In the firm’s latest Crypto Hedge Fund Report, PwC says that a large majority of traditional hedge funds that have invested in cryptocurrencies plan to increase their allocation to the nascent sector before the end of the year.
“Around a fifth of hedge funds are investing in digital assets (21%); the average percentage of their total hedge fund AuM invested in digital assets is 3%. More than 85% of those hedge funds intend to deploy more capital into the asset class by the end of 2021.”
Traditional hedge funds that made investments in crypto have allocated about 3% of their assets under management, according to PwC.
PwC adds that 57.1% of non-crypto hedge funds invested in digital assets for general diversification purposes. About 29% of the funds are seeking “exposure to a new value-creation ecosystem.” Only 14% say they are looking for a hedge against inflation.
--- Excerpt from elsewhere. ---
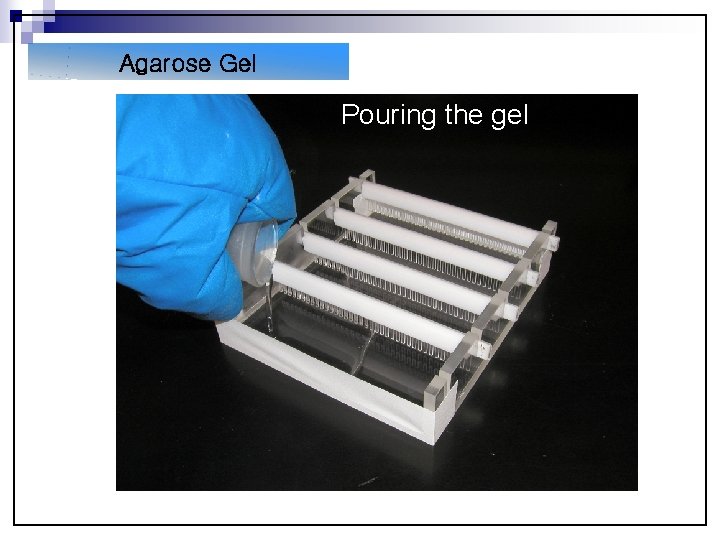 Agarose Gel Pouring the gel Buffer Agarose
In addition, PwC highlights the hurdles that traditional hedge funds face as they consider investing in cryptocurrencies.
“In terms of the main obstacles to investing, regulatory uncertainty is by far the greatest barrier (82%). Even those who do invest in digital assets cite it as a major challenge (50%). Client reaction/reputational risk is high (77%) as well as digital assets being outside the scope of current investment mandates (68%). Over half of the respondents said that they don’t have enough knowledge of digital assets (64%).”
Per the PwC report, more than half of the hedge funds interviewed would initiate or increase their investments in crypto if these obstacles were eliminated.
“64% of respondents said that if the main barriers were to be removed, they would definitely start/accelerate their involvement/investment or potentially change their approach and become more involved.”